Data for the task:
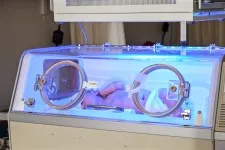 Jaundice in newborns
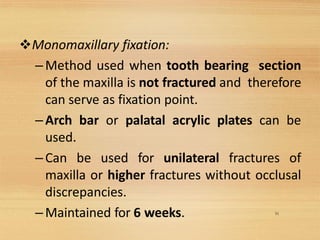 51
❖Monomaxillary fixation:
–Method used when tooth bearing section
of the maxilla is not fractured and therefore
can serve as fixation point.
–Arch bar or palatal acrylic plates can be
used.
–Can be used for unilateral fractures of
maxilla or higher fractures without occlusal
discrepancies.
–Maintained for 6 weeks.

What you should do: Only the pictures are to be left out; everything else in the entries above must be duplicated exactly.

Written answer:
 Jaundice in newborns
 51
❖Monomaxillary fixation:
–Method used when tooth bearing section
of the maxilla is not fractured and therefore
can serve as fixation point.
–Arch bar or palatal acrylic plates can be
used.
–Can be used for unilateral fractures of
maxilla or higher fractures without occlusal
discrepancies.
–Maintained for 6 weeks.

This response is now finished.